Une utilisation sous quotas

Pour l'heure, l'utilisation légale du cannabis thérapeutique est réservée à un petit nombre de personnes malades et nécessiteuses en France. L’ANSM (Agence Nationale de Sécurité du Médicament et des produits de santé) délivre les autorisations de prescription et d’utilisation. Ces autorisations (temporaires) sont attribuées au cas par cas par un examen des dossiers médicaux.

 

Dans le cas de la sclérose en plaques, où le cannabis montre pourtant une grande efficacité, les prescriptions sont délivrées par quotas. Olivier Bertrand s'indigne : «C'est scandaleux ! On observe dans cette logique, la volonté évidente de limiter au minimum l'accès à cette possibilité de prise en charge des patients pour lesquels les traitements conventionnels ne sont pas efficaces. C'est triste de constater que la santé humaine, et que l'urgence humanitaire soient tributaires de négociations entre des agents de l'Etat qui n'ont que pour objectif de limiter les dépenses de la Sécurité sociale et des laboratoires pharmaceutiques qui cherchent à tirer le meilleur profit des traitements qu'ils produisent et mettent sur le marché.
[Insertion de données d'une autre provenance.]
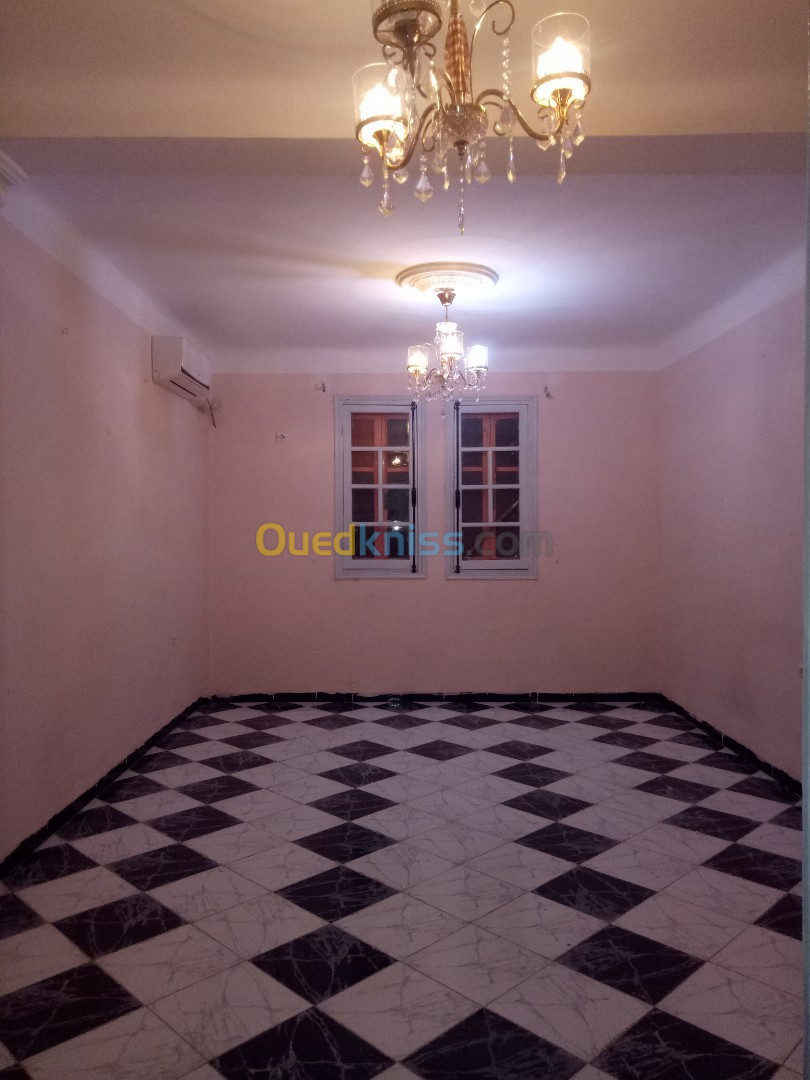 Location Appartement F4 Biskra Biskra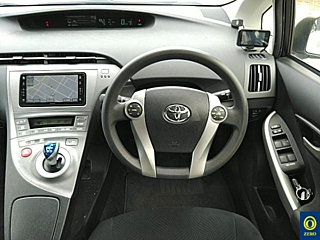 TOYOTA PRIUS 2012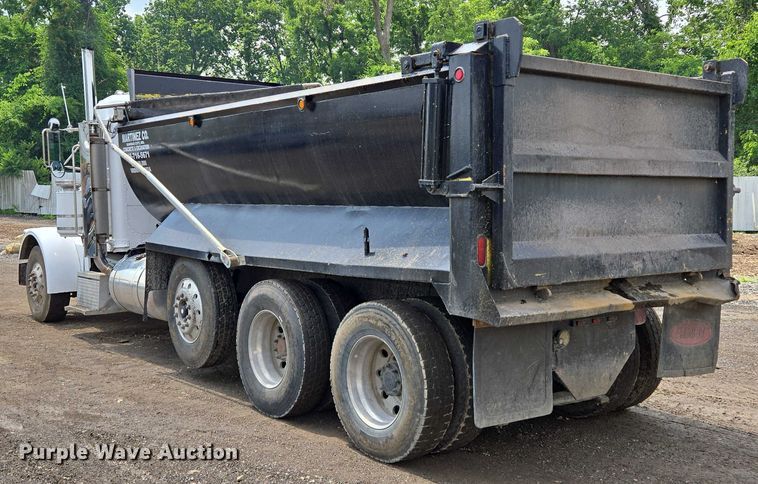 image for item EM7478 1998 Peterbilt 379 dump truck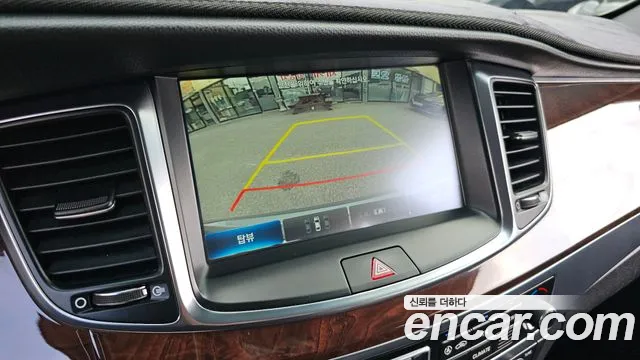 Hyundai Equus 2015 — фото 15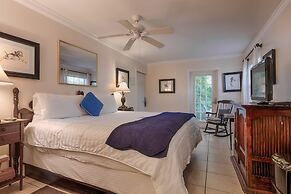 The Caribbean Court Boutique Hotel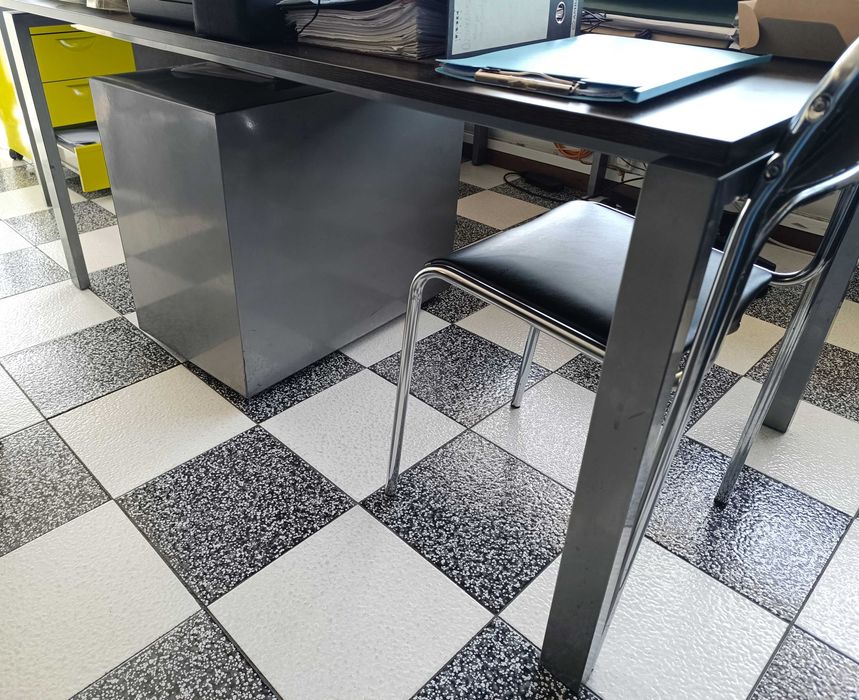 Secretárias Linha Quadra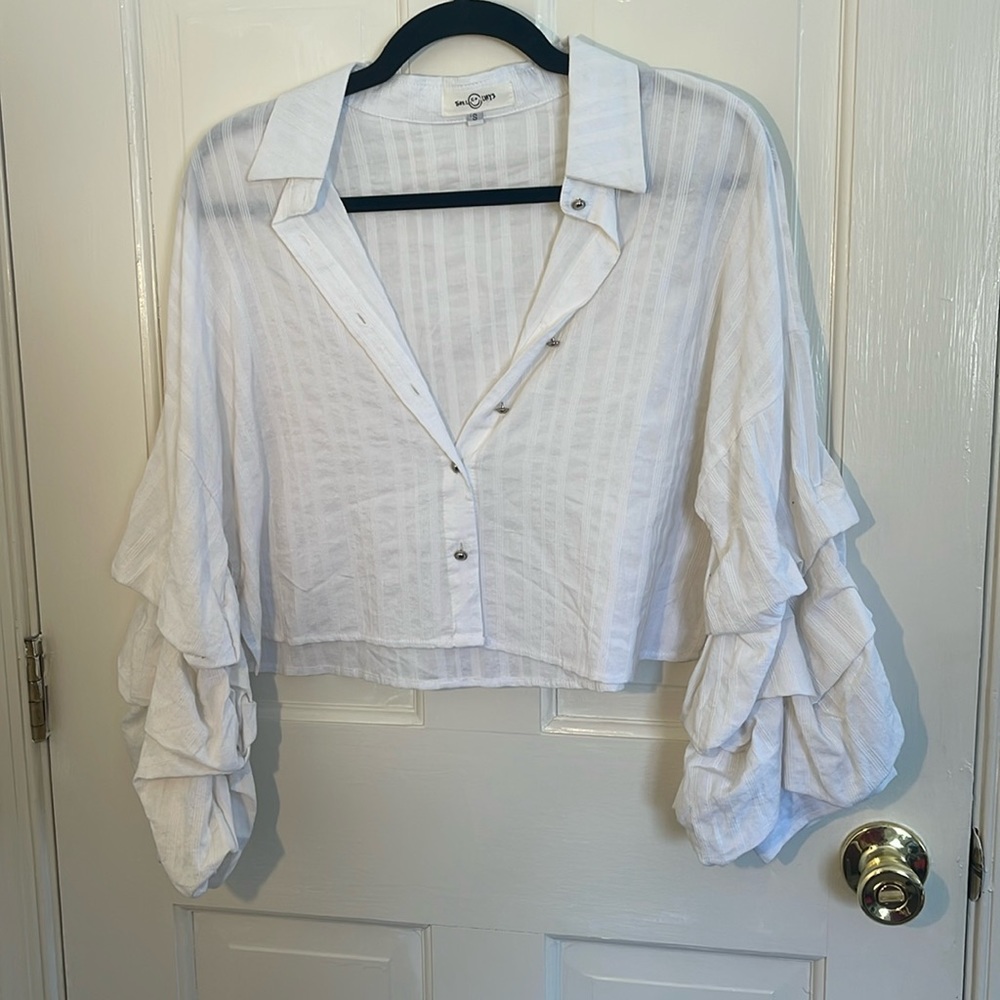 Fun white blouse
Alors qu'il existe une solution très simple et vraiment efficace : il suffit de dépénaliser la culture de plantes, et reconnaitre que l'auto-médicamentation par les phytocannabinoïdes facilite et améliore les conditions de vie pour des millions d'individus.»

 

Jean-Pierre Couteron, lui, évoque un effet pervers : «Une indication trop restrictive peut participer au mésusage, au sens où les personnes exclues de l’autorisation cherchent quand même à accéder au produit qui les soulage».

 

La recherche ne cesse de progresser et les mentalités à l'égard du cannabis d'évoluer. Pourtant prescrit en France jusqu'au milieu des années 50, aujourd'hui, l'usage du cannabis médical devrait être amené à se développer et se (re)démocratiser. Si une grande partie de la société y est encore frileuse, le débat, lui, est chaudement ouvert.